Internal systems are more controlled, and it may be effective to infer underlying events more directly, possibly adjusting for differences in timing. For example, warranty claims might be correlated with production events if the event notices are aligned based on the production date of the product. In this case, the receipt of warranty claims might trigger efforts to prevent or mitigate the consequences of similar production events. This, of course, requires a long history of production events.

Look-Back

Events may be captured and stored in a data warehouse; many enterprises already have such data warehouses for certain categories of events. Data mining is applied to data warehouse records to discover patterns and relationships that occur over time. The analysis is not in real time, so a data warehouse would not be considered an event publisher. Analysts could still submit discovery of certain trends or inferred events to a notification system, to be distributed to event resolution processes.

Emerging trends in CEP go beyond the inference of an event by the occurrence of a combination of related events. First, a broader spectrum of events can be captured and retained for future reference. When an event of concern occurs or is inferred, engaging in look-back at preceding events helps put the event of concern into context, to both understand the full nature of the event and discover potential causation.

By analogy, suppose a person is discovered murdered, but there is no source of information about events preceding the murder—no information about how the victim got where he is, no telephone calls, no witnesses, no information on where his acquaintances were at the time of the killing. In this situation it is very difficult to identify the perpetrator. These events are key to discovering the context of the murder and, so, the murderer.

Beyond the potential to look back, the precursor event patterns can be studied to discover patterns that might enable another unfortunate incident to be anticipated and prevented. The focus of attention can then shift to analysis of risk patterns to react earlier, to either prevent or respond more quickly to mitigate the effects of the undesirable event.

Verification and Consolidation of Event Notices

Besides inferring underlying events, there is a need to correlate events from multiple sources to either confirm the occurrence of an event or eliminate redundant reporting of an event.

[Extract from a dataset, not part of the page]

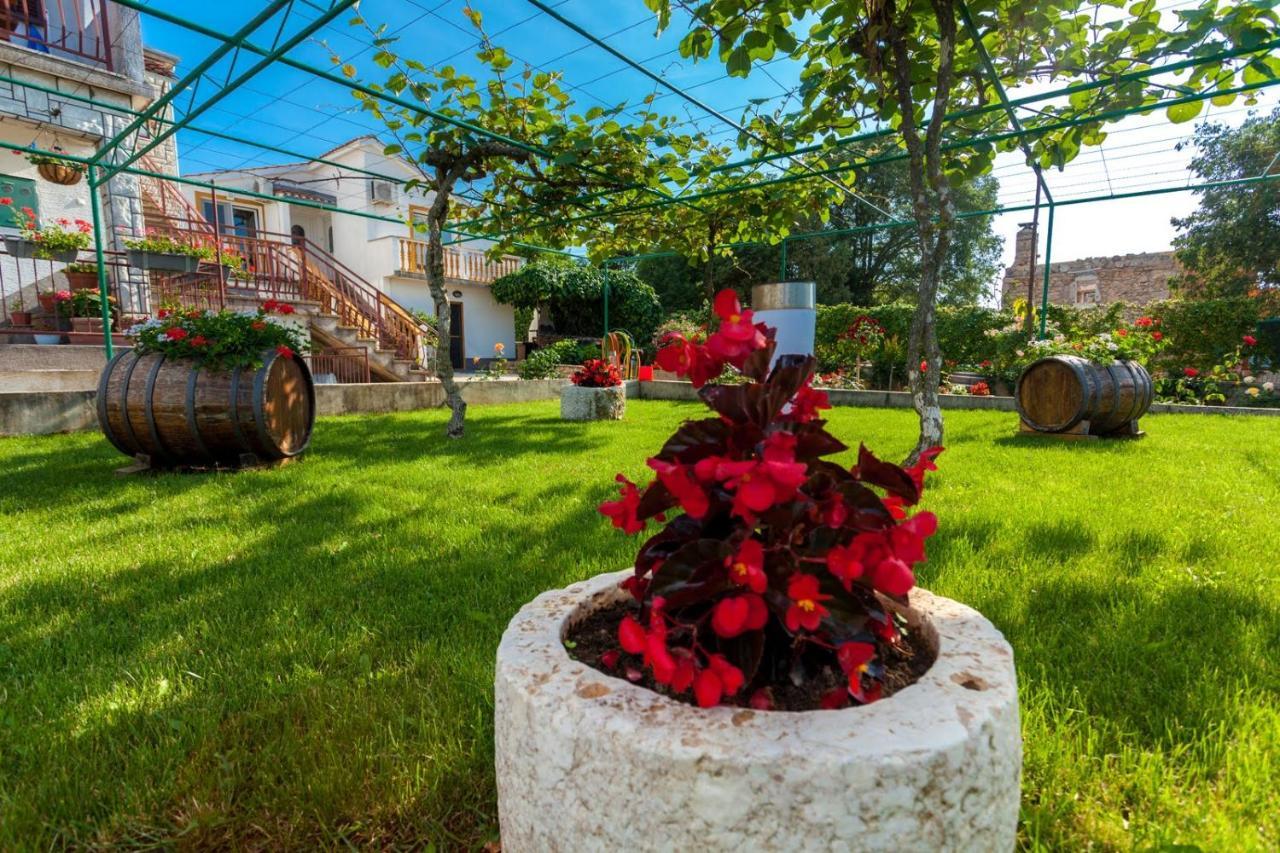 Apartman Luni Sa Bazenom - Malinska, Sveti Anton Sveti Anton  المظهر الخارجي الصورة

Event notices from some sources may be unreliable. For example, event notices derived from news feeds may be the result of misinterpretation. There is often a need to confirm the event from another source. The speed of reporting may vary significantly, from minutes to days or longer. It may be appropriate to separately report such event notices, with an indication of the tentative nature of the notice (that is, having business metadata that reflect the quality of the event notice). The recipients of these notices would need to act accordingly.

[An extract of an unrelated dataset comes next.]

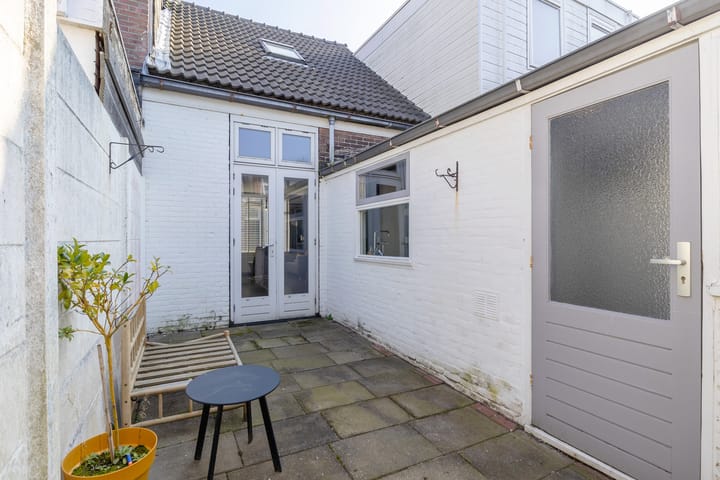 Foto 18 van De Ruijterstraat 61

Some events have many observers. These people may observe the event in different ways, characterize it differently, and publish event notices through different channels. It would not be desirable or appropriate to initiate an independent event resolution process for every redundant event notice. It may be necessary to leave the resolution of these redundancies to the subscribers. In some cases, the subscription criteria may limit reporting to certain event notices, reducing the number of redundant notices received. However, there is a risk that some events are not reported through all the possible channels, and when we ignore some notices, some events may be overlooked. Another approach is to notify event observers when resolution is identified (that is, a resolution event) so that they need not give further attention to the event notices they have received.

CEP systems may provide mechanisms for resolving these issues; however, the resolution may differ depending on the action to be initiated. The subscribers to such events should provide appropriate criteria for analysis and filtering of events.

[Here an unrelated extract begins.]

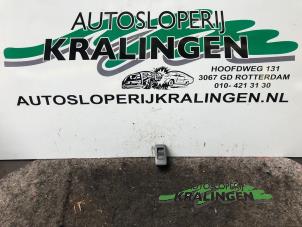 Usagé Commutateur vitre électrique Volkswagen Polo III (6N2) 1.4 16V 75 Prix € 10,00 Règlement à la marge proposé par Autosloperij Kralingen B.V.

Event Notification Infrastructure

The event notification infrastructure provides automated support for recognition, filtering, publication, and distribution of event notices. The Enterprise Intelligence service unit (see Chapter 9) is responsible for identifying the business requirements for capture of events and initiation of specific business processes, whereas the Information Technology organization is responsible for the technical infrastructure for event processing.

Surrogate Publishers

As noted earlier, many sources of events do not publish event notices. Instead, surrogate publishers are needed to determine when events have occurred and to publish notices. Three kinds of surrogates are described Here:

  • Polling. It is necessary to periodically poll these sources to monitor their state.
  • Data stream analysis. This form of surrogate publisher analyzes a data stream. Threshold values or patterns may be reported in different notices so that subscribers can selectively monitor different events in the same stream.
  • News analysis. News feeds can be analyzed to identify relevant events. The NASD news feed analysis, discussed earlier, identifies securities trades and related news events.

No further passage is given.